The siege at Mir Wais hospital began when Afghan authorities issued an ultimatum to the al Qaeda fighters to surrender at around 3:40 a.m., as U.S. and Afghan troops moved into place around the facility. The gunmen refused the ultimatum and there was a burst of gunfire and loud explosions.
Special forces troops, heavily armed and with the antennas of back-mounted satellite phones dangling over their heads, took up positions with the Afghans.
For nine hours, they moved into position. Sharpshooters crouched in crannies of the walled compound and crept along the ledge of the second floor ward where the al Qaeda men were holed up.
After the noon call to prayer, the final assault was launched. Most of the U.S. troops wore “I Love New York” buttons and New York Yankees caps in homage to the Sept. 11 terror attack on the World Trade Center towers.
“Up to the last minute, we told every man to surrender,” a special forces officer said. “But none of them listened.”

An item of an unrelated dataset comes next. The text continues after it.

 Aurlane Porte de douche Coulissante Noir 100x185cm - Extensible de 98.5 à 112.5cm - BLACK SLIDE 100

Afghan commanders said three of the Arabs were killed by grenades and three others in the assault, some of them hiding under beds. Afghan commander Lali Saliki, who was among those who stormed the ward, said he saw one surviving fighter groping for a gun and shot him.
In the aftermath of the battle, the bloodied ward was littered with limbs blown off by the grenades, with bodies under a bed and laying about the floor. Pale, thin fighters lay dead, in sweaters and uniforms, half covered under blankets thrown over them. Mattresses appeared soaked in blood.

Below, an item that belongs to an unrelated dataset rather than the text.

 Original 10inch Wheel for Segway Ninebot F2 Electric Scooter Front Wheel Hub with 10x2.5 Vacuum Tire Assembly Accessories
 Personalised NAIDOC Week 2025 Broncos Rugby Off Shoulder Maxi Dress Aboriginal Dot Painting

One major called the operation ”100 percent Afghan” and said the Americans acted only as advisers. But special forces were visible in the thick of the action. An Associated Press reporter saw at least one soldier throwing explosives.
The al Qaeda fighters were the last of 10 or so wounded and ill fighters who barricaded themselves in the hospital.
The Pentagon said U.S. troops attacked a Taliban arms depot north of Kandahar, killing about 15 people, capturing 27 others and destroying a large cache of weapons.
The leaders from the remote town of Khas Uruzgan claimed U.S. forces made a mistake, bombing their town hall and clinic, and killing and arresting men loyal to Afghan President Hamid Karzai.